In questo video si vede una musica che trascina, che unisce, che crea il feeling tra i musicisti, una musica bella da suonare come lo è da ascoltare. Date un'occhiata, è "Sir Duke", dall'album "Songs in the key of life".

giovedì 21 agosto 2008

Iniziamo a scrivere qualcosa (forse Celentano aveva ragione?)

Chiedere a qualcuno "che musica ascolti?" è cosa tutt'altro che semplice, è difficile come scrivere il primo post di un nuovo blog!
Per una serie di convenzioni, di "etichette", quando si formula questa domanda la risposta è pressoché obbligata, è un "genere" musicale: rock, dance, pop, jazz, italiana (è diventata anch'essa un genere, come se Gigi D'alessio e Fabrizio De Andrè avessero qualcosa in comune... sigh..), house, electro pop, etc. Siamo in uno di quei casi in cui la domanda contiene già la risposta. Moltissime persone (non tutte per fortuna) hanno adottato alcune terminologie per catalogare la musica e ne fanno sfoggio. Apprezzo l'onestà delle persone che a questa fatidica domanda rispondono "ascolto un po' di tutto" perché credo sia quello che facciamo più o meno tutti, e da questo tutto tiriamo fuori le cose che ci piacciono.

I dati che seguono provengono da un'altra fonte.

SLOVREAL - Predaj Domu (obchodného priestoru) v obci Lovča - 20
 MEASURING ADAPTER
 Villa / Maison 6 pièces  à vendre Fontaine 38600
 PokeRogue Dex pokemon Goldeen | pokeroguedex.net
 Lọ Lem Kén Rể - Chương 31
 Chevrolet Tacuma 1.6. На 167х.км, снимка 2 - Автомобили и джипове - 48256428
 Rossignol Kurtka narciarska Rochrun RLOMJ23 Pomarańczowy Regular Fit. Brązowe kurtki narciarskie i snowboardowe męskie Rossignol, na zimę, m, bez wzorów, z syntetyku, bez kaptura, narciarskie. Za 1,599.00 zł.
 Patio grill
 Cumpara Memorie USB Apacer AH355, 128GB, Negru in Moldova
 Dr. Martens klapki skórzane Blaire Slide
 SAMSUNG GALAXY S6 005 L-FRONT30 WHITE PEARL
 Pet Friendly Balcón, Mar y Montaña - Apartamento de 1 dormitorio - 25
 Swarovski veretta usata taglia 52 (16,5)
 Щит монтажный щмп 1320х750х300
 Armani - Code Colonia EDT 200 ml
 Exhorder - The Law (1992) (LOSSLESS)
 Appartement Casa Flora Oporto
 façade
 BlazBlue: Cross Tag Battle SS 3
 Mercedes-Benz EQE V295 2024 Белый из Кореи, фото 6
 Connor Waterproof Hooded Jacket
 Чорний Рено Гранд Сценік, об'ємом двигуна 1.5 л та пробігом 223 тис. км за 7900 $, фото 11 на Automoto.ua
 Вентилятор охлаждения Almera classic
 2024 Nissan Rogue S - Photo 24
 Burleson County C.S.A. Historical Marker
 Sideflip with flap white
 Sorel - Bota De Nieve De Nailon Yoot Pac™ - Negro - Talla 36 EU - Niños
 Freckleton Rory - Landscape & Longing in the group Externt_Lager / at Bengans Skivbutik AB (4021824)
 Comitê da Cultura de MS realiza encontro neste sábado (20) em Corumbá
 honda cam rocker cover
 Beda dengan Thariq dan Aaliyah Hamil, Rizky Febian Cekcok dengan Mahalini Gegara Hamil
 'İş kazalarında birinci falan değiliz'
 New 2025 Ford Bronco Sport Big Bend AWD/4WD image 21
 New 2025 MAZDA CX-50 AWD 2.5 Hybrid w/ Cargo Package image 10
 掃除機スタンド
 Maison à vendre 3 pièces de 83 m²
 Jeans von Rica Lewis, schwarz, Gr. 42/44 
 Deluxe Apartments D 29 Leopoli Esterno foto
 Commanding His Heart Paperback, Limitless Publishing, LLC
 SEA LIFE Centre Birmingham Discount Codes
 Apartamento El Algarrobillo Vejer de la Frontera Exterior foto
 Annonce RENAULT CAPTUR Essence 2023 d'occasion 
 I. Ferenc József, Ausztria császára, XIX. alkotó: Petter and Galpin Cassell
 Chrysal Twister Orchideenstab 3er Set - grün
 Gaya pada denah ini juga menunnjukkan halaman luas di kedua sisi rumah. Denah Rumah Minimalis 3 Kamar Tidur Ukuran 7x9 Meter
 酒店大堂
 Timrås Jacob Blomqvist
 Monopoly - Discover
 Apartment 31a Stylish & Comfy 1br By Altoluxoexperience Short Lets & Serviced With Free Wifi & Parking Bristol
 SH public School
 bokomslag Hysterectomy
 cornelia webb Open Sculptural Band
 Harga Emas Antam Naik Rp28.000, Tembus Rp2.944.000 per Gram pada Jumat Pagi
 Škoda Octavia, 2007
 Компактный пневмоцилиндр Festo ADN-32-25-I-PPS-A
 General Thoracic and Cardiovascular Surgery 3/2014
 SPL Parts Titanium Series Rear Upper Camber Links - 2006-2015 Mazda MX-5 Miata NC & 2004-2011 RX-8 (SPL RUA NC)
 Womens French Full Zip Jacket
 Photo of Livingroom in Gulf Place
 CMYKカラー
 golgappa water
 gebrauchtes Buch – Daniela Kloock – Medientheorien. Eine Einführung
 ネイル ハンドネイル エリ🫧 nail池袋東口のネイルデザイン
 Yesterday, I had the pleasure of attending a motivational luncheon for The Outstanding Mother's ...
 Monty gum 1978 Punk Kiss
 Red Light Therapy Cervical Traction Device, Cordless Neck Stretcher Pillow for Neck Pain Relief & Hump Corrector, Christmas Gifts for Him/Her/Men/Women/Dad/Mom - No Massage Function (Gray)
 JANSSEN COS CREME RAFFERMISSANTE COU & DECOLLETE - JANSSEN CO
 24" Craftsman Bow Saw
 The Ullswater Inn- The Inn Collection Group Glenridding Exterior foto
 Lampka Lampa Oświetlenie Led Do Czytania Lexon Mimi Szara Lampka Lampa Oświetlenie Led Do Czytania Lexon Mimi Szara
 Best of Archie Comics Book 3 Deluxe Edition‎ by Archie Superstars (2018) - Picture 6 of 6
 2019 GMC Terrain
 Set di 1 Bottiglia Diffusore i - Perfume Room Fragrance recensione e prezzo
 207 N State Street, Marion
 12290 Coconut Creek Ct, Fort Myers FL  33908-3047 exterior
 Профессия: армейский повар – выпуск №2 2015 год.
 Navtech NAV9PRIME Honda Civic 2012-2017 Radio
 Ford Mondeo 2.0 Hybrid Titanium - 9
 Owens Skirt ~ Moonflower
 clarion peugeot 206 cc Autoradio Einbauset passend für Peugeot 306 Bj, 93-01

La musica è un'arte e nel rapporto con quest'arte ognuno di noi fa le proprie scelte. Consapevoli di essere persone e quindi entità influenzabili anche se autonome, nella musica facciamo scelte: razionali ed emotive, di testa e di cuore, ci innamoriamo del bel (o della bella) cantante e ne facciamo il nostro idolo, ci schieriamo politicamente... insomma ognuno di noi costruisce un proprio modo di vivere quest'arte stupenda e questo modo non è assolutamente classificabile in un genere.
Ricordate la trasmissione Rokpolitik condotta da Adriano Celentano qualche anno or sono? Il molleggiato aprì le danze dividendo il mondo in due categorie: "rock" e "lento", inserendo nella prima categoria tutte le cose a suo avviso positive, e nell'altra quelle negative. Beh, secondo me quello è stato un esempio eccellente di quello che tutti noi facciamo nella nostra vita, e quindi anche con la musica. Ho aperto questo blog proprio per parlare delle canzoni, dei dischi, degli interpreti, che per me sono "rock".

Dedico questo primo post ai miei amici ai quali rompo i timpani (e non solo quelli!) parlando di musica.